The problem, of course, is that such requests and reminders stack up, and so does the inbox, such that the things I need to do can wind up getting buried in a pile of other things that I may or may not need to do, but that wind up stealing focus by virtue of being more recent.

Several new email plugins promise to help with this problem. Julie recently discussed the new Google Priority Inbox, which helps you sort mail and keep your focus on the important items. However, Priority Inbox doesn’t help you take the crucial step of getting things out of your inbox.

Enter Taskforce, a browser plugin that interacts with your Google Mail or Google Apps account to help you get those pending items out of your inbox and onto a to-do list where they belong.

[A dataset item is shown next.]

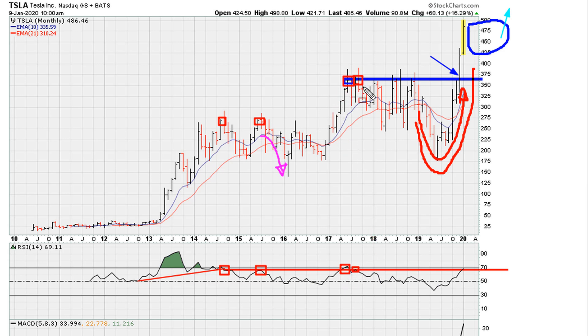We can see the highs here and here before we go into this ugly sideways multi-year move. Now the question becomes: are we going to be able to hold above the red line, or is the red line going to become monthly resistance — which has been the case since this initial break in 2014, more than five years ago?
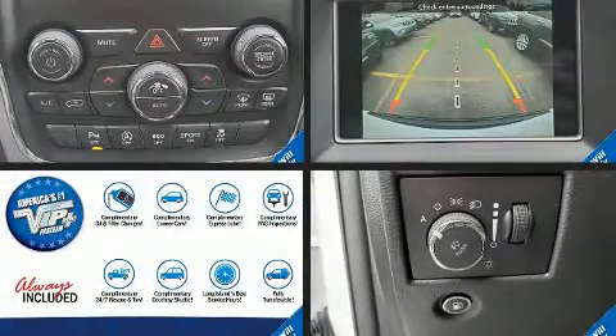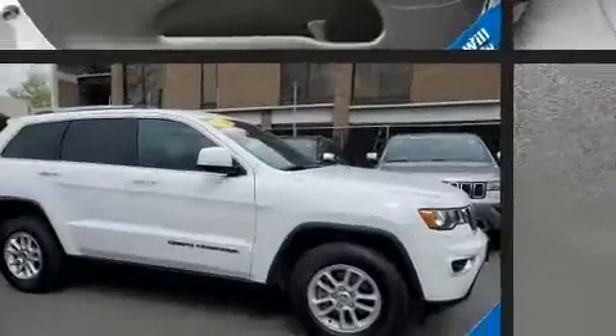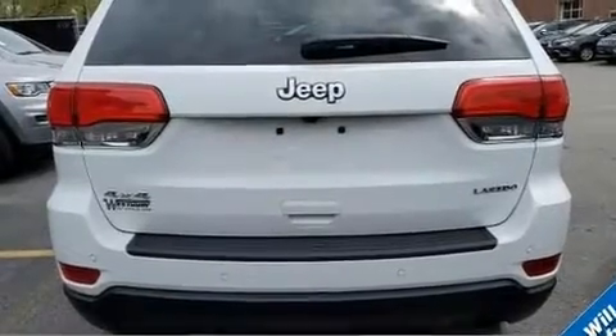Come test drive this 2018 Jeep Grand Cherokee with fewer than 15,000 miles on the odometer. This four-door sport utility vehicle prioritizes comfort, safety, and convenience. Smooth gear shifts are achieved thanks to the refined six-cylinder engine, providing a spirited yet composed ride.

Here’s how it works: after signing up for a Taskforce account, the site walks you through the process of installing the plugin and creating a mail filter that will allow the widget to handle much of the bacn that you receive. After installation, a small floating widget appears in your Gmail account:

Taskforce

As new messages are caught by Taskforce’s mail filter, they appear under “Activity,” which contains all of the bacn that has been filtered out of your inbox. The messages themselves are automatically archived and labeled “mailfeed,” so that you can sort through them at your leisure.

Activity

The key attraction of Taskforce, however, is what it allows you to do with your non-bacn email, those messages you need to do something more with than simply reply. Each email message you open has a button labeled “Convert to Task”:

Convert to Task

Clicking this button increments the floating number over the “Current” button in the Taskforce widget and replaces the “Convert to Task” button with three new ones:

Convert to Task

“View Task” opens the task that you’ve created in the Taskforce widget:

Task

The “Edit” button here highlighted allows you to rename the task to something that may be more meaningful than whatever the subject line of the email message happened to be:

Rename

Afterward, the task takes on its new name, and the task window allows you to add new participants to the task if need be:

Edited

The original email message can now be archived, getting it out of your inbox, while the task remains in your “Current” list. As with most to-do lists, you mark a task as complete by checking its box, and you can reorder the tasks on your list by dragging the handle to the left of the checkbox:

Current list

You can also use Taskforce as a general-purpose to-do list, creating new, non-email-related tasks by clicking “New Task” in the “Current” view.

Taskforce is still in beta, and thus you may run into some surprises as you use it. The service has also had the misfortune being announced a matter of days before Google’s Priority Inbox, which has stolen something of its inbox-sorting thunder, but Taskforce’s ability to get things out of your inbox entirely make it worth exploring.